Work request: Nothing but the lines below between the line holding "bedroom featuring baseboards" and the line holding "Vintage Dhakai sari", inclusive, should appear in the answer, each set down exactly.

Extracted records:
_ _ _ _

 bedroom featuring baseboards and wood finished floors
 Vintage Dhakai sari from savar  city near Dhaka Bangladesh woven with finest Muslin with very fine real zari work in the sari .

_ _ _ _

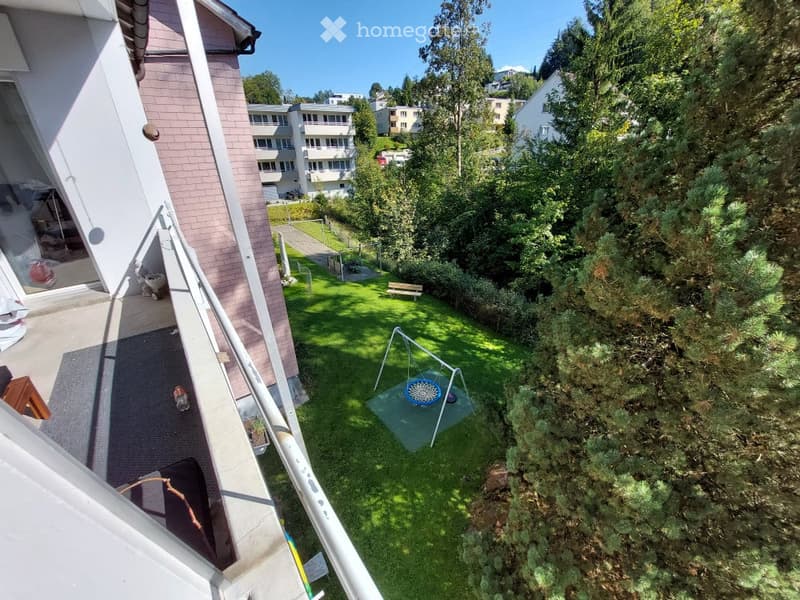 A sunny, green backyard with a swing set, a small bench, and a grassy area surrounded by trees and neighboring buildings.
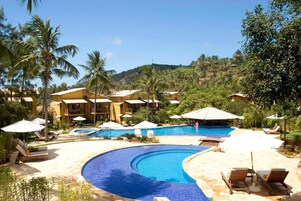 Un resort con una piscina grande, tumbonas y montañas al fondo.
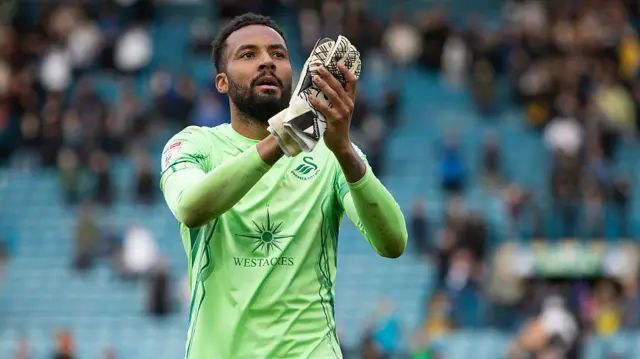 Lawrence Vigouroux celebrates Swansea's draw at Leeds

_ _ _ _

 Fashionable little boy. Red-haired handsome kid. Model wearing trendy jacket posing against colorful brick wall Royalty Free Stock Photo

_ _ _ _

Answer box:
 bedroom featuring baseboards and wood finished floors
 Vintage Dhakai sari from savar  city near Dhaka Bangladesh woven with finest Muslin with very fine real zari work in the sari .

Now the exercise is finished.